Plus froid que le pôle Nord

roman de Roddy DOYLE

Flammarion, 2016, 261 p. (Tribal)
Flammarion, 2016, 261 p. (Tribal)

Erin n'a pas vu sa mère depuis des années. Depuis que Rosemary les a quittés, son père et elle, pour aller s'installer à New York.

Et voilà qu'un jour Rosemary se manifeste enfin, émettant le désir de renouer avec sa fille.

 

Pour Sandra, la belle-mère d'Erin, hors de question d'assister à ses "retrouvailles". En accord avec le père de celle-ci, elle décide donc de partir en voyage tout au nord de la Finlande avec leurs deux fils, Johnny et Tom.

 

Une fois sur place, le séjour débute par une balade en chiens de traîneau qui enchante les garçons. Mais une telle expédition n'est pas sans danger...

Et pendant ce temps, Erin découvre cette mère qui l'a abandonnée...

Mon avis :

Un roman à la croisée de plusieurs genres et thématiques.

Vu la quatrième de couverture, on s'attend à une aventure dans le grand froid empreinte de suspense. Il faut en réalité attendre le dernier tiers du livre pour que l'événement annoncé survienne... Ne vous y fiez donc pas !

Car cette histoire est avant tout celle d'une famille recomposée. Les premiers chapitres, dont l'action est régulièrement interrompue par des flashbacks, nous dressent le portrait des principaux protagonistes. L'action, c'est cette tasse jetée par Erin à la tête de sa belle-mère - le geste de trop, celui qui enclenche le départ de Sandra et ses deux fils.

Nous voilà donc au fin fond de la Finlande froide et enneigée, aux abords d'une forêt de sapins et d'un lac gelé : le climat, le décor, on s'y croirait ! Sans oublier l'impressionnant "homme des chiens" et sa meute de huskies - des personnages à part entière ! Notamment Rock, le meneur, dont le regard hypnotique, presque humain, rappelle celui de Loup Bleu dans L'oeil du loup. Ambiance roman d'aventure, donc, autour de Johnny et Tom qui se chamaillent gentiment sous le regard mi-rieur mi-protecteur de leur mère. On sent entre eux trois un amour sincère et profond, une certaine complicité également.

Du côté d'Erin, l'ambiance est au contraire très tendue. L'adolescente déborde de colère, comme en témoignent les courts textes adoptant son point de vue venant s'insérer dans le récit principal. Une colère, un mal-être, directement liés à l'abandon de sa mère, comme on le comprend peu à peu. Malheureusement les retrouvailles ne se passent pas comme elle s'y attendait : "Je croyais qu'il suffirait qu'on se voie" mais en réalité, cette discussion, "c'est juste de la merde", notamment parce qu'elle ne pense pas Rosemary sincère dans ses propos. Ce que voudrait Erin, c'est comprendre : "Qu'est-ce que j'ai fait ? Pourquoi es-tu partie ?". Mais pour que sa mère dise les choses en toute honnêteté, encore faut-il qu'elle traite sa fille "en égale".

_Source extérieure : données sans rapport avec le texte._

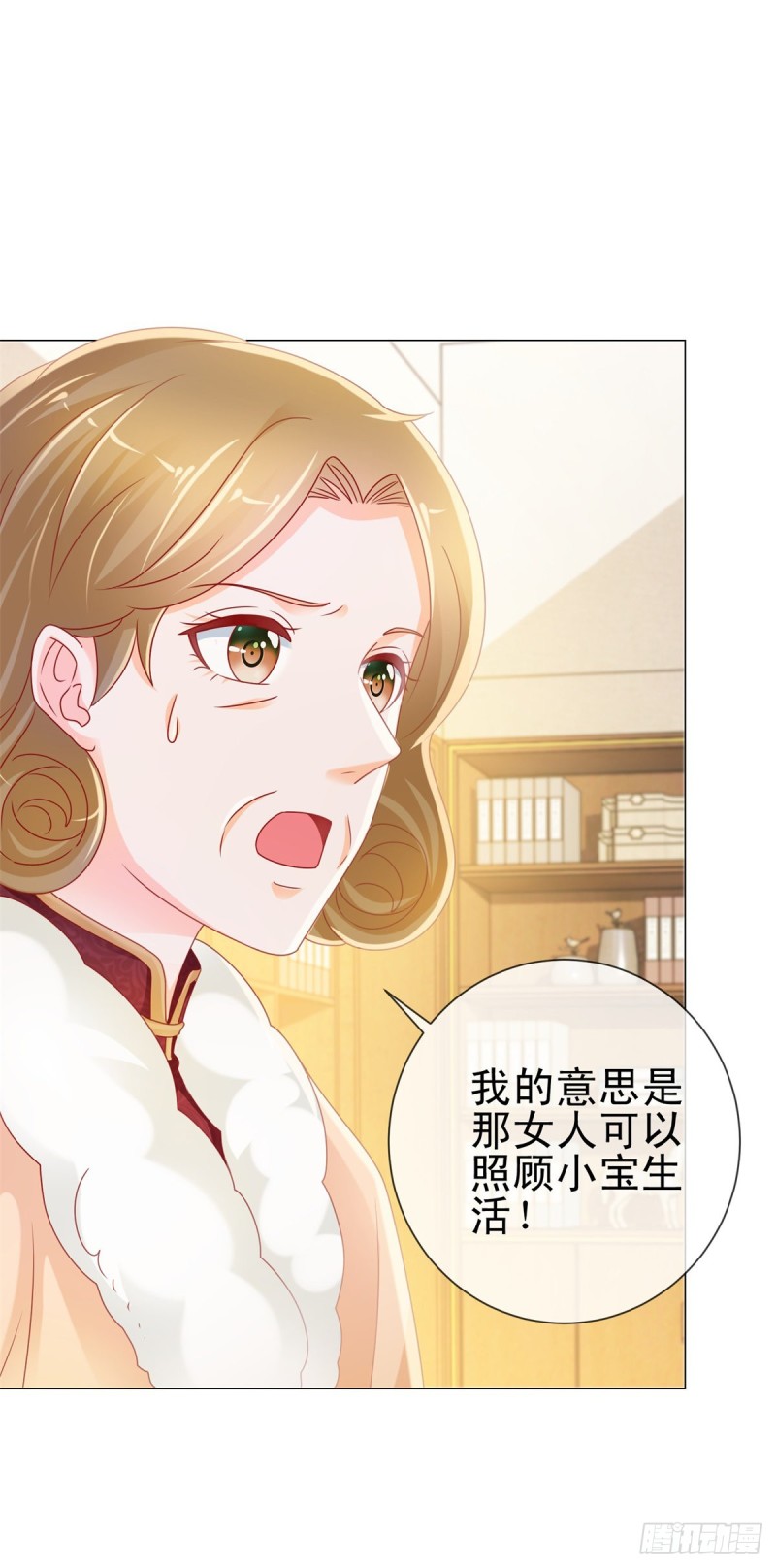 第228话 只对她一个人有反应10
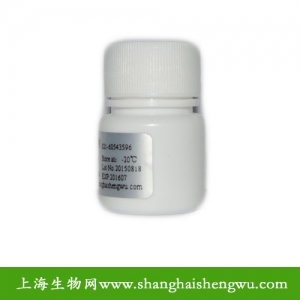 抗生素,诺氟沙星盐酸盐 Norfloxacin HCl CAS 104142-93-0 R14085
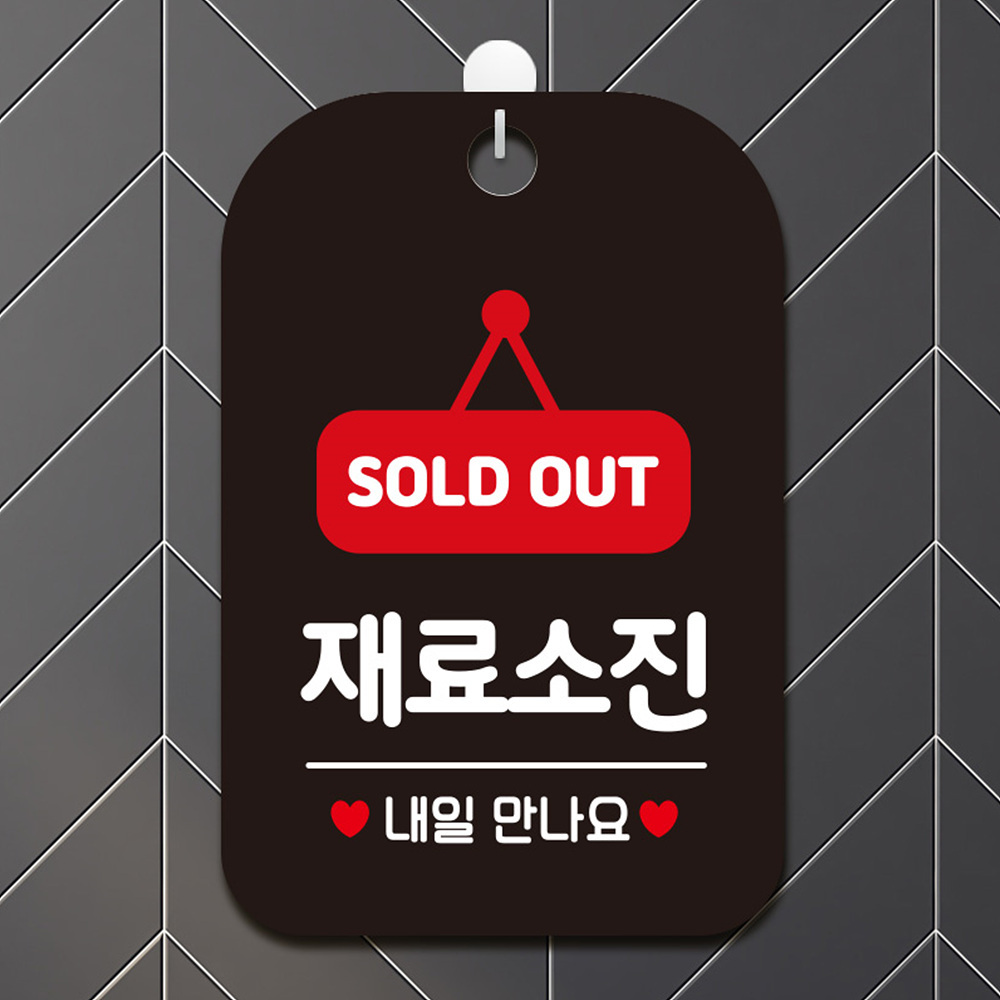 SOLDOUT 재료소진 사각안내판 알림판 블랙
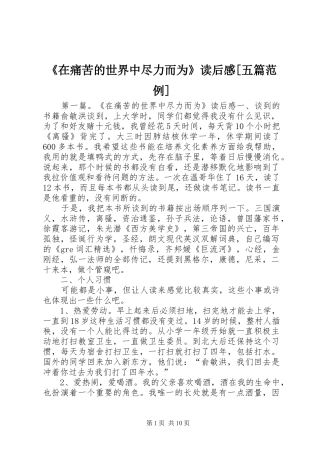 在痛苦的世界中尽力而为读后感五篇范例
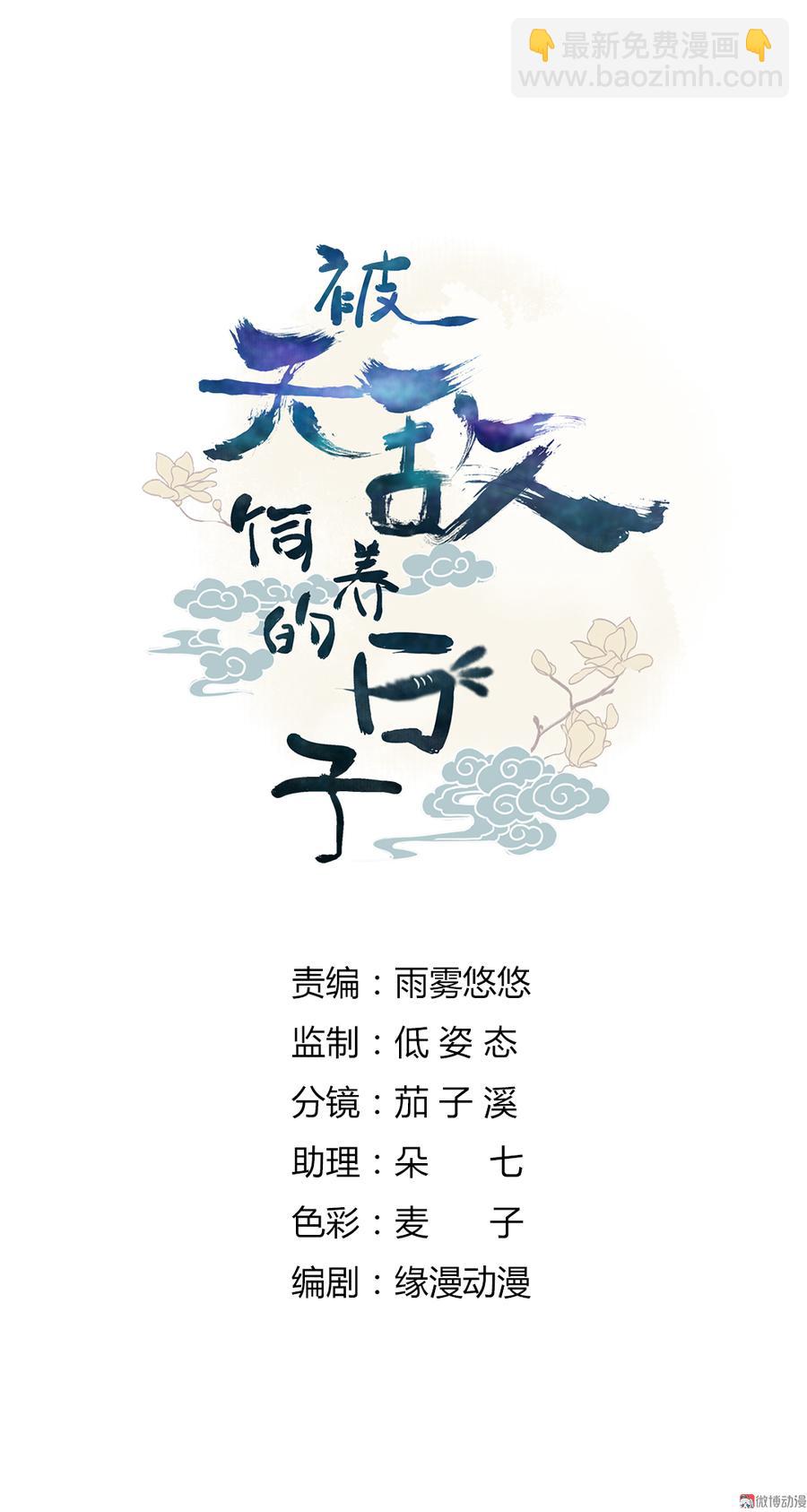 第119话 我的兔子呢？1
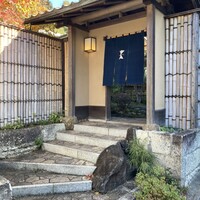 イチリン ハナレ - 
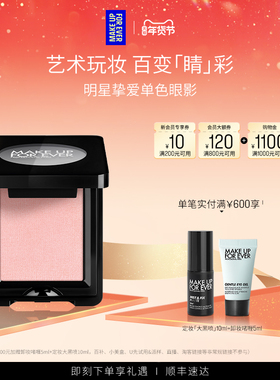 【自播专享】MakeUpForEver玫珂菲明星挚爱单色眼影眼部化妆修饰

Même réflexion chez Tom, qui apprécie Kalle (le propriétaire des chiens) aussi parce qu'il ne le traite pas "en bébé". Et quand l'incident survient, le petit garçon déplore : "Les enfants n'ont pas besoin qu'on les traite en enfants, d'après l'idée que la plupart des adultes se font des enfants, c'est-à-dire des êtres idiots." Et c'est ainsi que se tisse, tout au long du roman, un réseau de correspondances entre les deux récits en apparence indépendants. Les personnages de Sandra et Rosemary, par exemple, se font écho par opposition : l'une est une mère aimante, présente, joueuse et attentionnée, alors que l'autre représente l'absence, l'abandon voire la démission (de son rôle). Et puis tandis que l'une surgit, l'autre disparaît. Les frères et Erin partagent dès lors un objectif commun : retrouver leur maman, au sens propre, et au sens figuré. On bascule dans le roman d'initiation, les uns réalisant un dépassement de soi au travers d'un long voyage dans la neige et la nuit, tandis que l'autre effectue un parcours davantage psychologique afin d'exorciser les interrogations qui la hantent depuis toujours.

Les trois enfants sortiront transformés de leur épreuve respective, Erin apaisée et les garçons plus matures ("ils le firent sans se disputer"), et la famille toute entière s'en sentira plus soudée. Une belle histoire au cœur de l'hiver, qui associe courage et sensibilité.